FileStorageOps

Abstract Value Members

abstract def atomicWriteAndCleanup(tableName: String, compactedData: Dataset[_], newDataPath: Path, cleanUpBase: Path, cleanUpFolders: Seq[String]): Unit

During compaction, data from multiple folders need to be merged and re-written into one folder with fewer files.
During compaction, data from multiple folders need to be merged and re-written into one folder with fewer files. The operation has to be fail safe; moving out data can only take place after new version is fully written and committed.
E.g. data from fromBase=/data/db/tbl1/type=hot and fromSubFolders=Seq("region=11", "region=12", "region=13", "region=14") will be merged and coalesced into optimal number of partitions in Dataset data and will be written out into newDataPath=/data/db/tbl1/type=cold/region=15 with old folder being moved into table's trash folder.
Starting state:
/data/db/tbl1/type=hot/region=11 .../region=12 .../region=13 .../region=14
Final state:
/data/db/tbl1/type=cold/region=15 /data/db/.Trash/tbl1/region=11 .../region=12 .../region=13 .../region=14
tableName
name of the table
compactedData
the data set with data from fromSubFolders already repartitioned, it will be saved into newDataPath
newDataPath
path into which combined and repartitioned data from the dataset will be committed into
cleanUpBase
parent folder from which to remove the cleanUpFolders
cleanUpFolders
list of sub-folders to remove once the writing and committing of the combined data is successful
abstract def globTablePaths[A](basePath: Path, tableNames: Seq[String], tablePartitions: Seq[String], parFun: PartialFunction[FileStatus, A]): Seq[A]

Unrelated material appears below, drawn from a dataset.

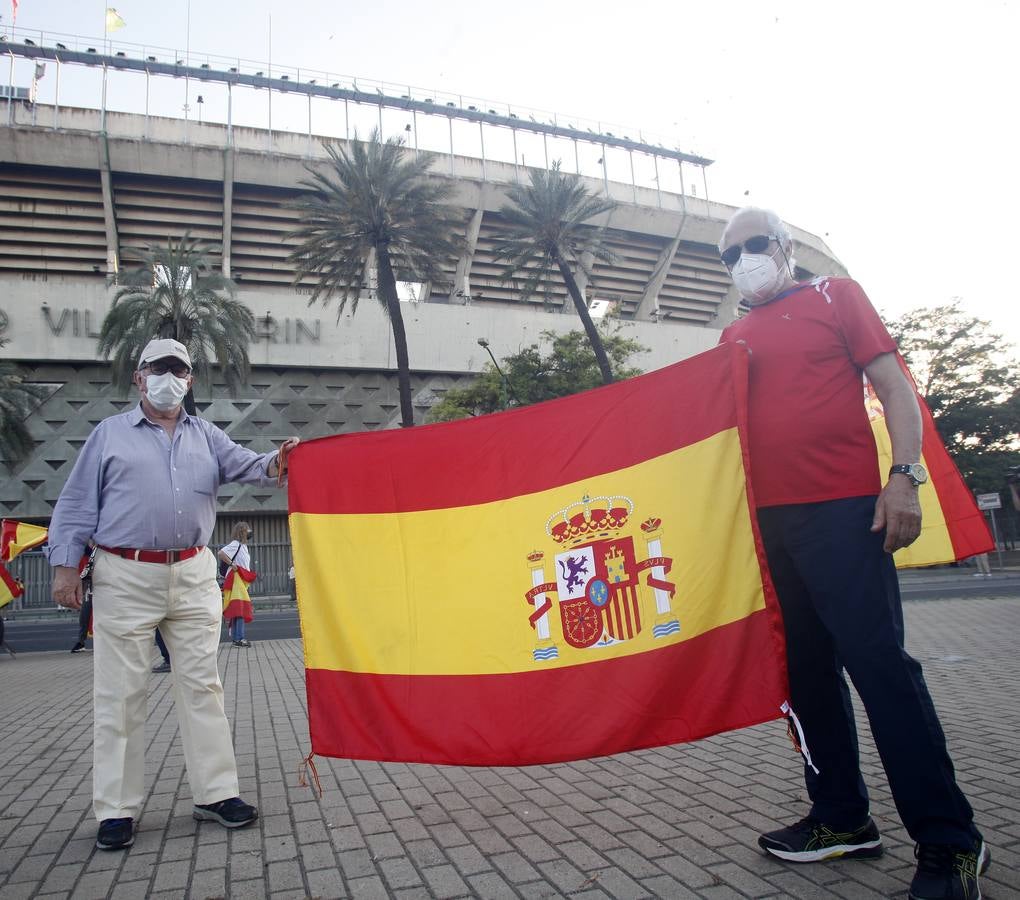 Protesta en Sevilla contra el presidente Pedro Sánchez, en imágenes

Glob a list of table paths with partitions, and apply a partial function to collect (filter+map) the result to transform the FileStatus to any type A
Glob a list of table paths with partitions, and apply a partial function to collect (filter+map) the result to transform the FileStatus to any type A
A
return type of final sequence
basePath
parent folder which contains folders with table names
tableNames
list of table names to search under
tablePartitions
list of partition columns to include in the path
parFun
a partition function to transform FileStatus to any type A
abstract def listTables(basePath: Path): Seq[String]

Lists tables in the basePath.
Lists tables in the basePath. It will ignore any folder/table that starts with '.'
basePath
parent folder which contains folders with table names
abstract def mkdirs(path: Path): Boolean

Creates folders on the physical storage.
Creates folders on the physical storage.
path
path to create
returns
true if the folder exists or was created without problems, false if there were problems creating all folders in the path
abstract def openParquet(path: Path, paths: Path*): Option[Dataset[_]]

Opens parquet file from the path, which can be folder or a file.
Opens parquet file from the path, which can be folder or a file. If there are partitioned sub-folders with file with slightly different schema, it will attempt to merge schema to accommodate for the schema evolution.
path
path to open
returns
Some with dataset if there is data, None if path does not exist or can not be opened

Exceptions thrown
Exception in cases of connectivity
abstract def pathExists(path: Path): Boolean

Checks if the path exists in the physical storage.
Checks if the path exists in the physical storage.
returns
true if path exists in the storage layer
abstract def readAuditTableInfo(basePath: Path, tableName: String): Try[AuditTableInfo]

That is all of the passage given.